Write out the records word for word.

MATERIAL SUPPLIED below:

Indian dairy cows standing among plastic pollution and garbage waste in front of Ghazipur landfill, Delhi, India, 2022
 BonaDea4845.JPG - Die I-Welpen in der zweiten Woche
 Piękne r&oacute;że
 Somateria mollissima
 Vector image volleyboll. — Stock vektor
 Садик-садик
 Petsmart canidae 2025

End of MATERIAL SUPPLIED.

◆ **ANSWER TO THIS EXERCISE**
Indian dairy cows standing among plastic pollution and garbage waste in front of Ghazipur landfill, Delhi, India, 2022
 BonaDea4845.JPG - Die I-Welpen in der zweiten Woche
 Piękne r&oacute;że
 Somateria mollissima
 Vector image volleyboll. — Stock vektor
 Садик-садик
 Petsmart canidae 2025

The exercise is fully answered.